- Opening Delimiter -
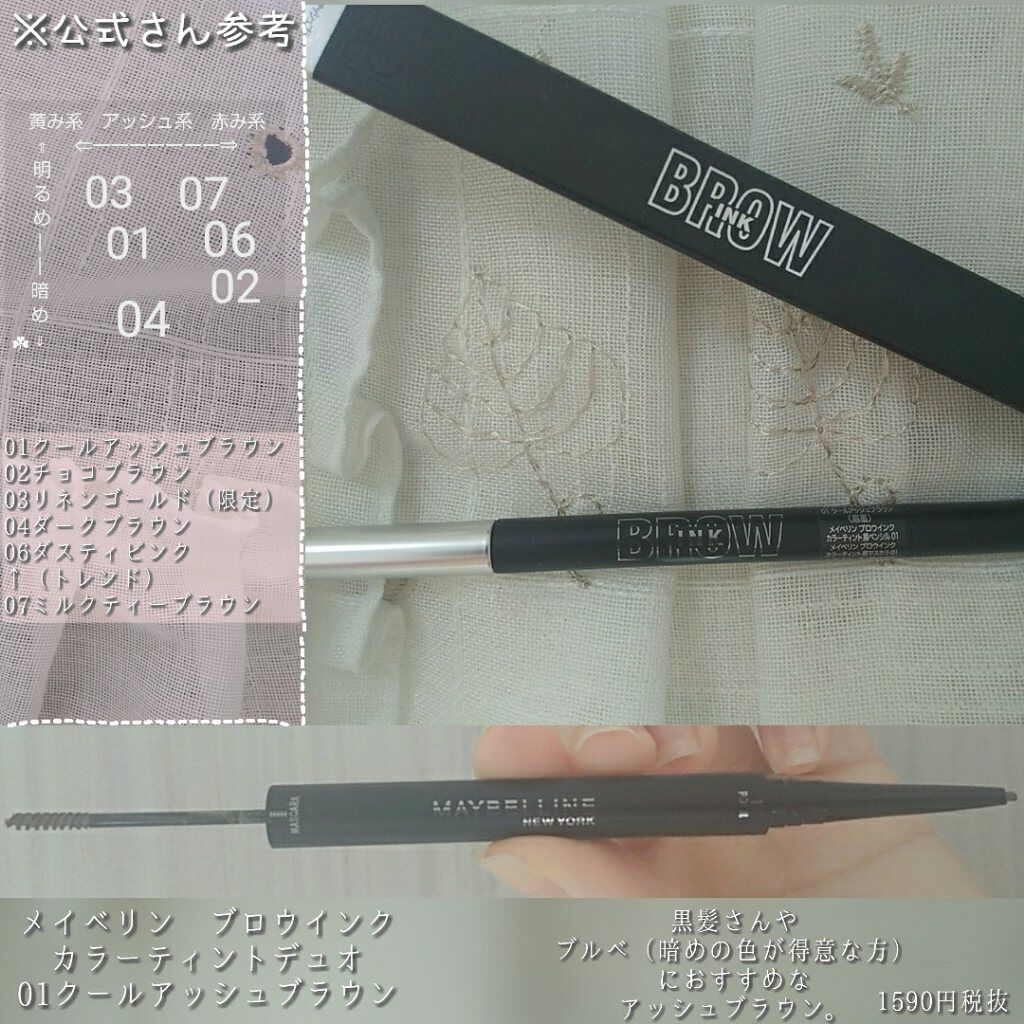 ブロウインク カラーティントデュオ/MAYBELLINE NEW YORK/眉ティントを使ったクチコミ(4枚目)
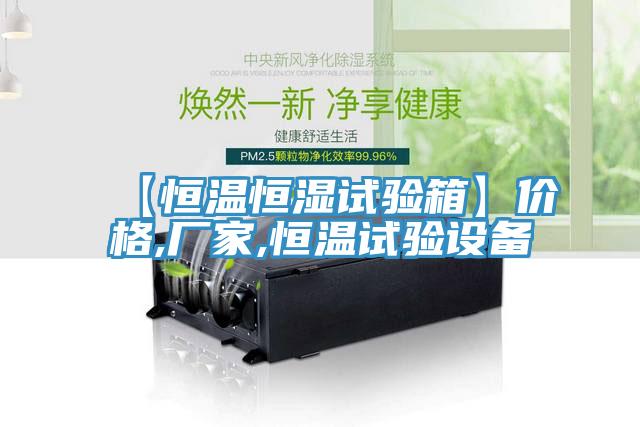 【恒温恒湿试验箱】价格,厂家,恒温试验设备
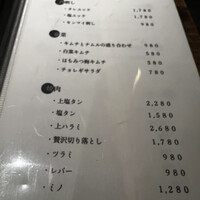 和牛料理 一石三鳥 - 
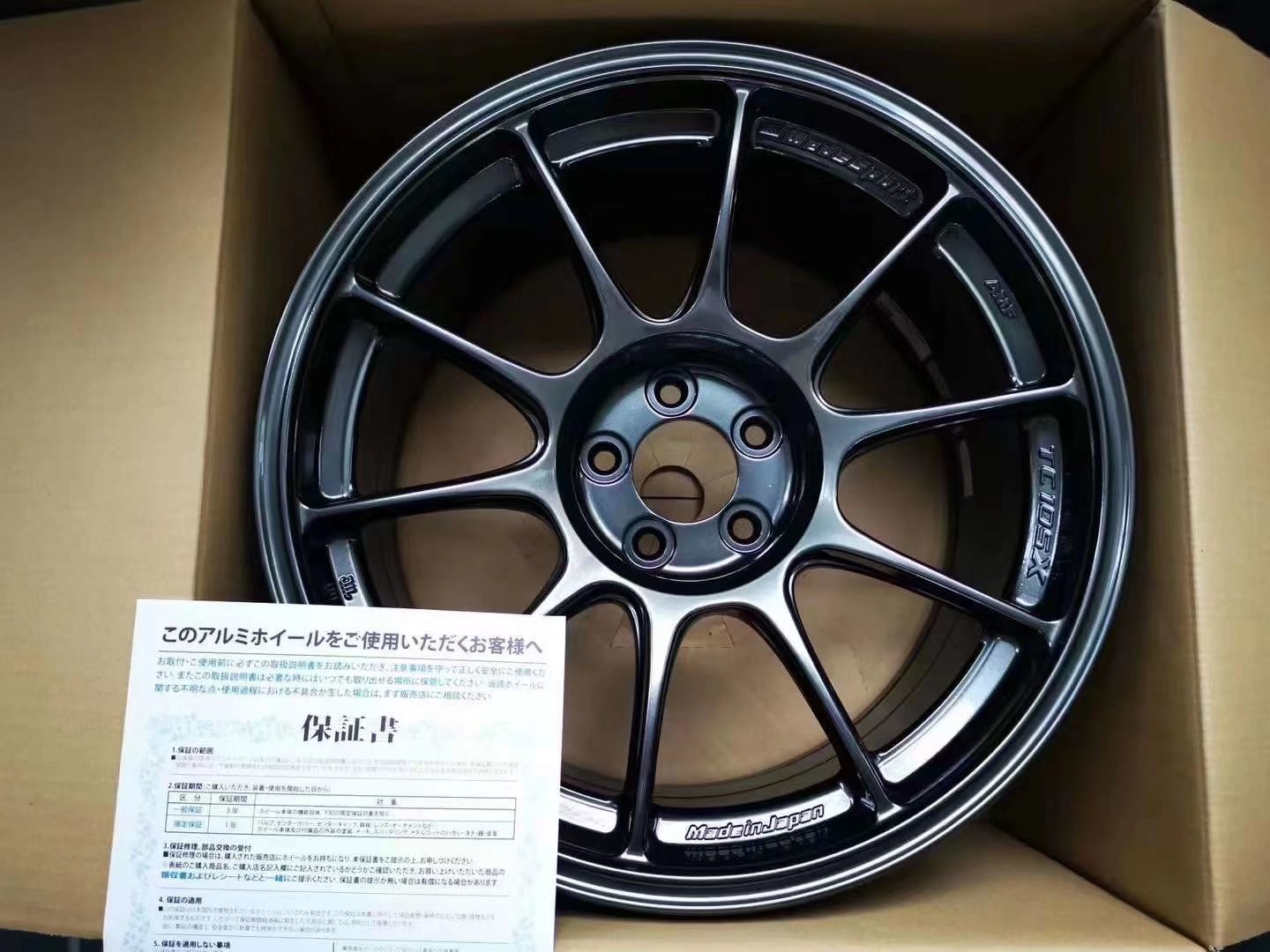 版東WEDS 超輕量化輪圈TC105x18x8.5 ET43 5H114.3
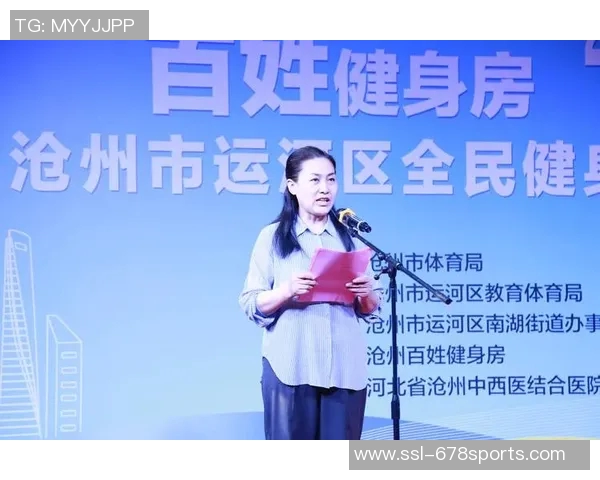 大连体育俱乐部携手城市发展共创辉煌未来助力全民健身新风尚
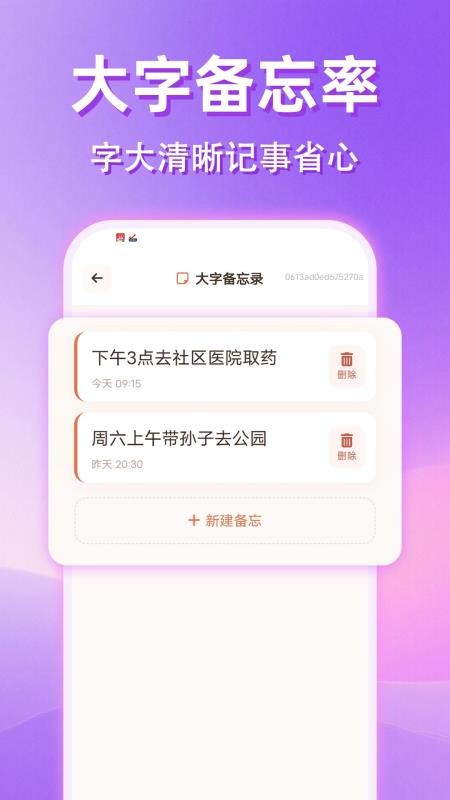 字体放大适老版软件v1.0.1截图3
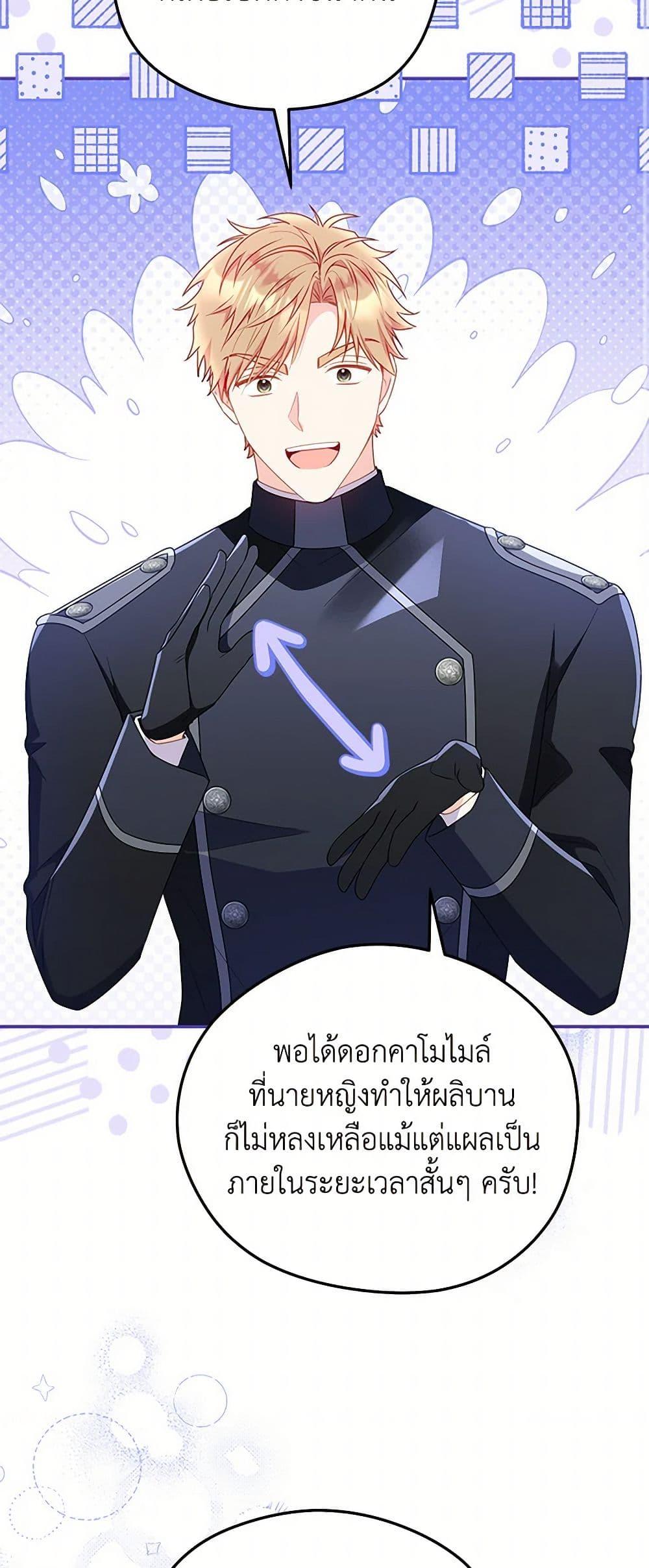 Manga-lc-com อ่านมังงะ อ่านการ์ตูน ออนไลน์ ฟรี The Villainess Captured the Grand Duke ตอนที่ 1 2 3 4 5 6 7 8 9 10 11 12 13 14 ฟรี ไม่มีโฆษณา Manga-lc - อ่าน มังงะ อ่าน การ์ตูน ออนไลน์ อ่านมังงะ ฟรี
- Closing Delimiter -
## What the task asks:
The listing above must be retyped word for word, without the pictures.

## Solution to this exercise:
 ブロウインク カラーティントデュオ/MAYBELLINE NEW YORK/眉ティントを使ったクチコミ(4枚目)
 【恒温恒湿试验箱】价格,厂家,恒温试验设备
 和牛料理 一石三鳥 - 
 版東WEDS 超輕量化輪圈TC105x18x8.5 ET43 5H114.3
 大连体育俱乐部携手城市发展共创辉煌未来助力全民健身新风尚
 字体放大适老版软件v1.0.1截图3
 Manga-lc-com อ่านมังงะ อ่านการ์ตูน ออนไลน์ ฟรี The Villainess Captured the Grand Duke ตอนที่ 1 2 3 4 5 6 7 8 9 10 11 12 13 14 ฟรี ไม่มีโฆษณา Manga-lc - อ่าน มังงะ อ่าน การ์ตูน ออนไลน์ อ่านมังงะ ฟรี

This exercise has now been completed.